Tracy Martin (L), Sybrina Fulton and Benjamin Crump, the Martin family attorney on CBS This Morning. (CBS News)

Trayvon Martin

MIAMI (CBSMiami/AP) – The parents of Trayvon Martin, the Miami Gardens teen shot to death in Sanford by neighborhood watch volunteer George Zimmerman, said they can’t believe his said it was part of “God’s plan” during a televised interview.

“I simply really don’t know what God George Zimmerman’s worshipping because there’s no way that the God that I serve had in his plans for George Zimmerman to murder my son,” Martin’s father, Tracy Martin, told CBS News’ Norah O’Donnell.

Martin and Trayvon’s mother, Sybrina Fulton, spoke on “CBS This Morning” the day after Zimmerman appeared on Fox news.

Zimmerman, who is charged with second degree murder, said he shot Martin self defense. When asked if he had any regrets, Zimmerman said no.

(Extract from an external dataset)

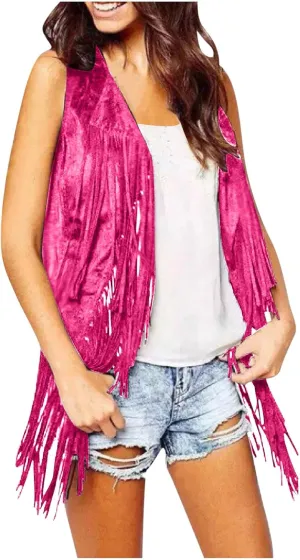 Womens Concert Outfits Fringe Vest Faux Suede Tassels Open Front Sleeveless Jacket 70s Cowgirls Western Hippie Clothes
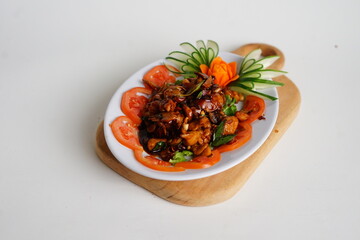 Tumis Ayam Kung pao - Stirfried Chicken Kungpao Cashews, chinese food. white background isolated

“I feel that it was all God’s plan and for me to second guess it or judge it um,” Zimmerman said.

But later he appeared to backtrack, looking directly into the camera to clarify himself.

“I do wish that there was something, anything, I could have done that wouldn’t have put me in the position where I had to take his life,” Zimmerman said.

He also offered an apology to Martin’s parents.

“I have a hard time accepting it because he also said that he doesn’t regret anything that he did that night, and I don’t think God would have him in his plan to murder an innocent child,” Fulton said.

The Fox News interview with Sean Hannity was Zimmerman’s first lengthy television interview and was conducted at an undisclosed location in Seminole County where he must remain under conditions of his release on bail.  State prosecutors have filed a motion to gain access to the interview.

Click Here To Watch The Interview

ABC’s Barbara Walters had flown to Central Florida to interview Zimmerman on Wednesday. On Thursday, during ABC’s “The View,” she announced that Zimmerman canceled the interview when they met.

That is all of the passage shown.